*WORK INSTRUCTION:* Quote the entries below from the line with "1-bedroom Condo — 555 NE 15th St APT 33G" through the line with "Korando 1.5Turbo Style+", both ends included, and only those lines.

*RECORDS TO USE:*

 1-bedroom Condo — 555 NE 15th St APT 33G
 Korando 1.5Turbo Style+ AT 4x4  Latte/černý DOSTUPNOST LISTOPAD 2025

* * *

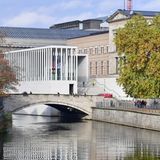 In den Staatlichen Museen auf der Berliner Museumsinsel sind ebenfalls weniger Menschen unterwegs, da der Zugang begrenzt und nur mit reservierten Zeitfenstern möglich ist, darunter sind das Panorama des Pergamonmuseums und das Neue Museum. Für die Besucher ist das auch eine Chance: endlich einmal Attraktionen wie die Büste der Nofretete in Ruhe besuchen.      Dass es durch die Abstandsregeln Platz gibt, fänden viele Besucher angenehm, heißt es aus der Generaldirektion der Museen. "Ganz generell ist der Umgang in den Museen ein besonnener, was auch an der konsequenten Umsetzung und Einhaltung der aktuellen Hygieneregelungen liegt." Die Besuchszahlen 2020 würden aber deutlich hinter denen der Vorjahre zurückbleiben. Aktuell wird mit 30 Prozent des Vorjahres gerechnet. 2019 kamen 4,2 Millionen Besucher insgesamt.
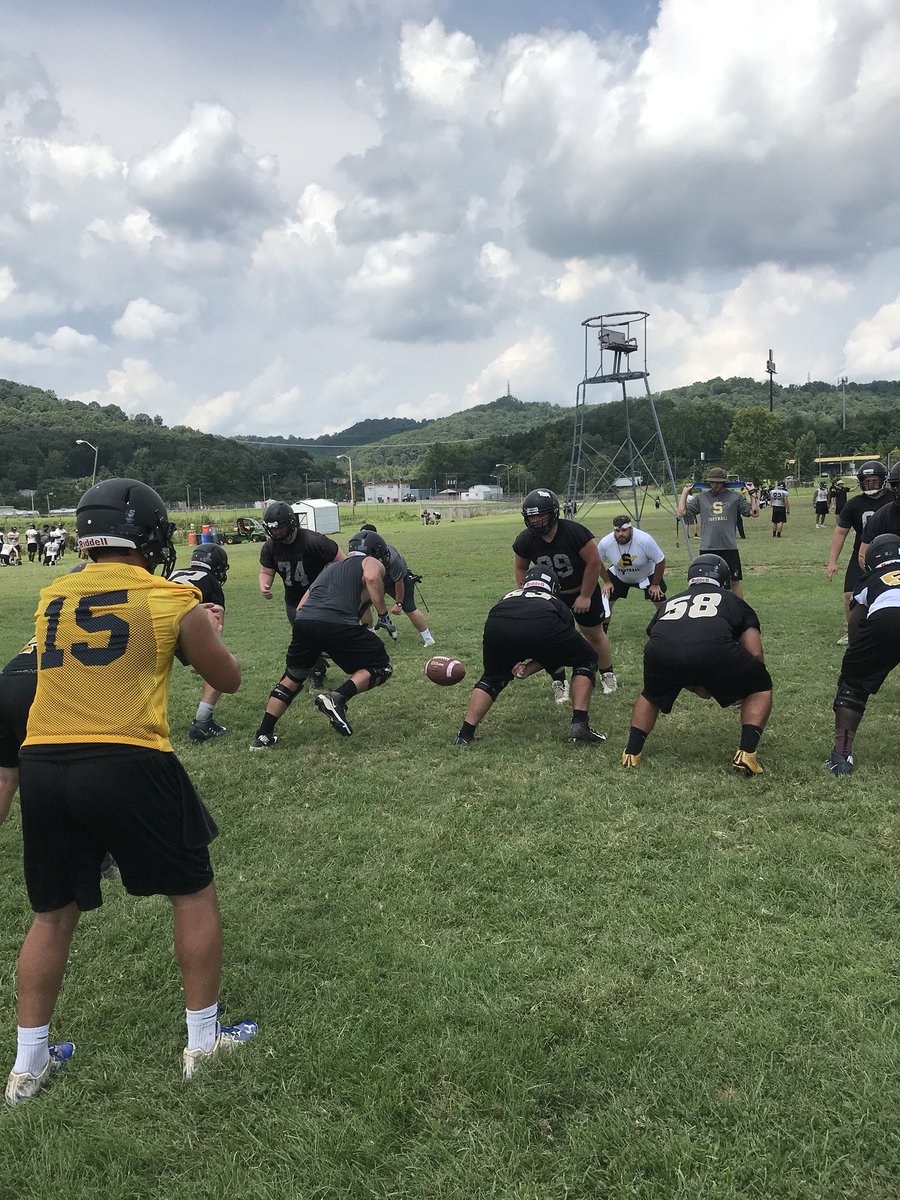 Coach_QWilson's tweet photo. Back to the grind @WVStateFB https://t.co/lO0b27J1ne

*SOLUTION:*
 1-bedroom Condo — 555 NE 15th St APT 33G
 Korando 1.5Turbo Style+ AT 4x4  Latte/černý DOSTUPNOST LISTOPAD 2025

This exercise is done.